[Start of section]
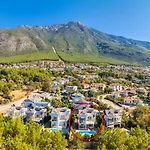 Four Seasons Villa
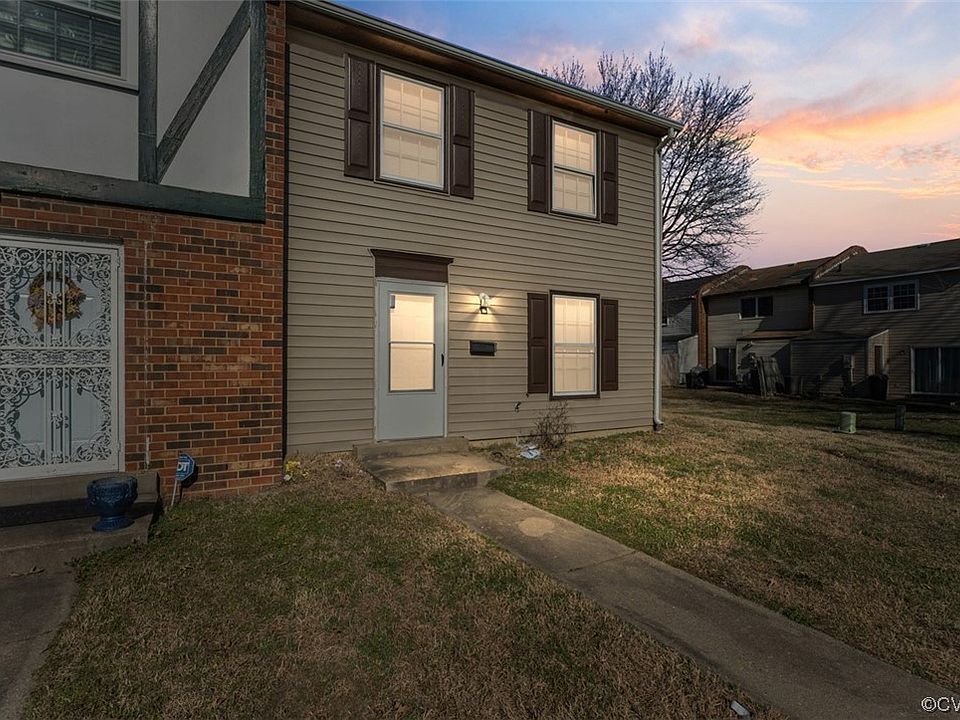 1st image of 238 Knighthood Ct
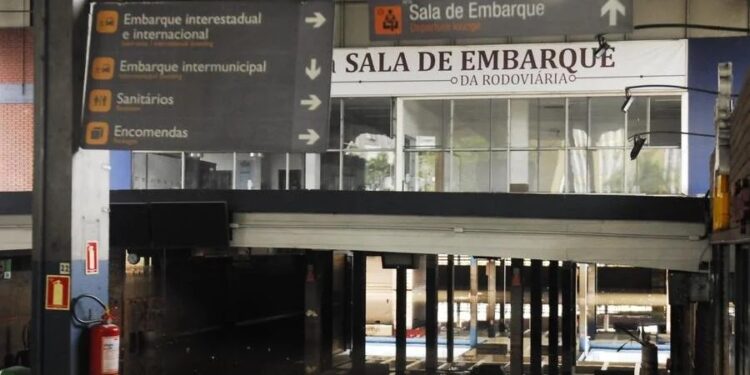 Rodoviária de Porto Alegre reabre nesta sexta-feira, após mais de um mês fechada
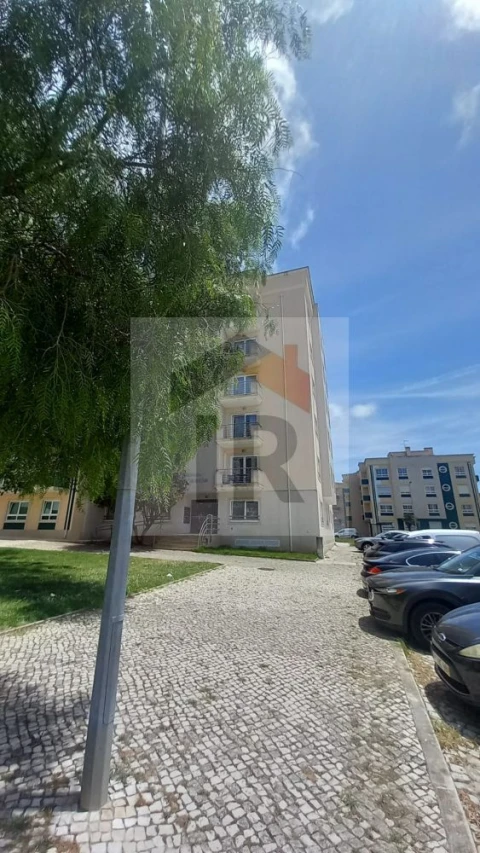 Apartamento T2 para Venda em Nossa Senhora do Pópulo, Coto e São Gregório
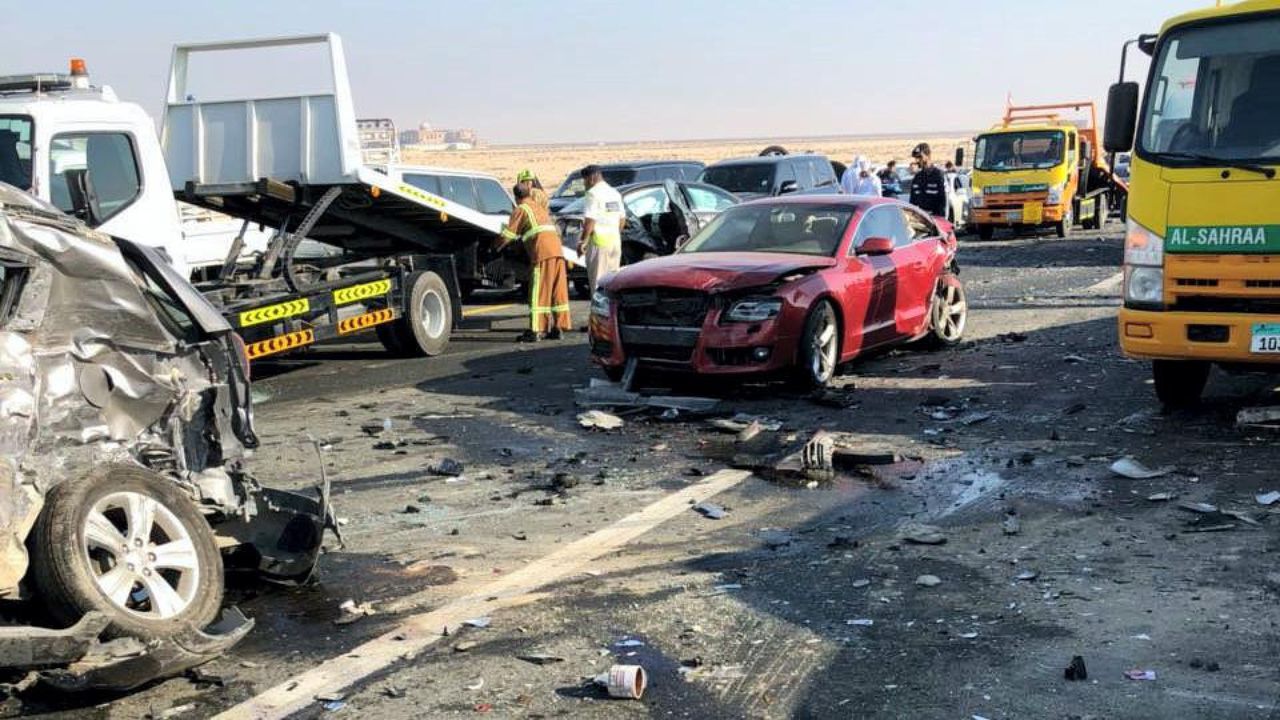 Carambol pe o șosea din Abu Dhabi: Peste 20 de persoane, rănite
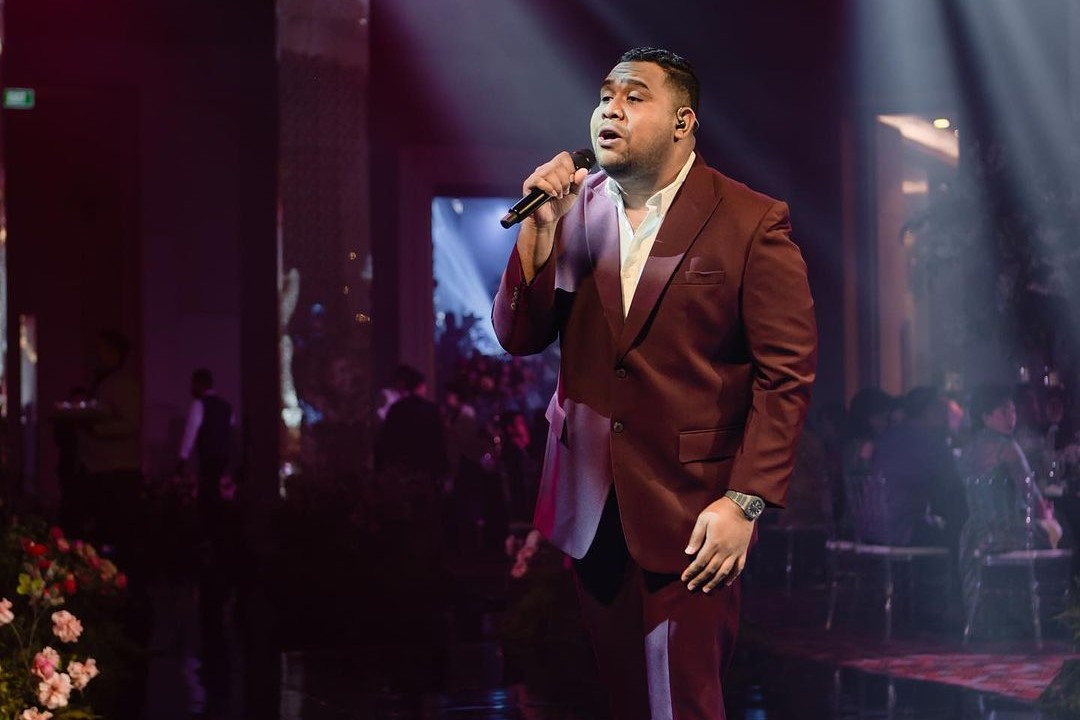 Lirik dan Chord “Cinta Luar Biasa” oleh Andmesh Kamaleng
[End of section]
> [PROBLEM REQUIREMENTS]
A verbatim copy of the material is needed; pictures are not to appear in it.

> [TASK ANSWER]
 Four Seasons Villa
 1st image of 238 Knighthood Ct
 Rodoviária de Porto Alegre reabre nesta sexta-feira, após mais de um mês fechada
 Apartamento T2 para Venda em Nossa Senhora do Pópulo, Coto e São Gregório
 Carambol pe o șosea din Abu Dhabi: Peste 20 de persoane, rănite
 Lirik dan Chord “Cinta Luar Biasa” oleh Andmesh Kamaleng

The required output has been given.